EXERCISE AIM
Your answer should be the lines below from the one with "Peaceful blue sky with light clouds" to the one with "Bed in Hotel", both included, given again exactly and with nothing added.
______
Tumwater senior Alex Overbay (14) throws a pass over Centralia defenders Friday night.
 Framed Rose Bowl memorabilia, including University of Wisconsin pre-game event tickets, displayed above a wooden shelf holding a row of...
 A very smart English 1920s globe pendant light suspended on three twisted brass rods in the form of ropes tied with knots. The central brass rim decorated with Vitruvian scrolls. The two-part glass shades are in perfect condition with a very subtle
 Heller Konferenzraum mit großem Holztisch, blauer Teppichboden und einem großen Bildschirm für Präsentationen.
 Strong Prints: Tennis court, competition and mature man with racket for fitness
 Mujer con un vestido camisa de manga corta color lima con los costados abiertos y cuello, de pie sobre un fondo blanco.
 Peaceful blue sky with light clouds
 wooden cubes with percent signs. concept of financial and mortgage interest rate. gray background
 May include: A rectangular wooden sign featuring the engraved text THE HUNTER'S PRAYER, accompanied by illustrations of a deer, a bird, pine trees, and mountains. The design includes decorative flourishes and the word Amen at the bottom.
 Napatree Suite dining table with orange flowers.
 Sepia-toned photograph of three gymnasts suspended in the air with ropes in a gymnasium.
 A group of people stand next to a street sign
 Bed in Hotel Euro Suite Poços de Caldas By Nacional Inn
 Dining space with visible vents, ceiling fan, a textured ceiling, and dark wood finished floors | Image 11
______
OUTPUT
 Peaceful blue sky with light clouds
 wooden cubes with percent signs. concept of financial and mortgage interest rate. gray background
 May include: A rectangular wooden sign featuring the engraved text THE HUNTER'S PRAYER, accompanied by illustrations of a deer, a bird, pine trees, and mountains. The design includes decorative flourishes and the word Amen at the bottom.
 Napatree Suite dining table with orange flowers.
 Sepia-toned photograph of three gymnasts suspended in the air with ropes in a gymnasium.
 A group of people stand next to a street sign
 Bed in Hotel Euro Suite Poços de Caldas By Nacional Inn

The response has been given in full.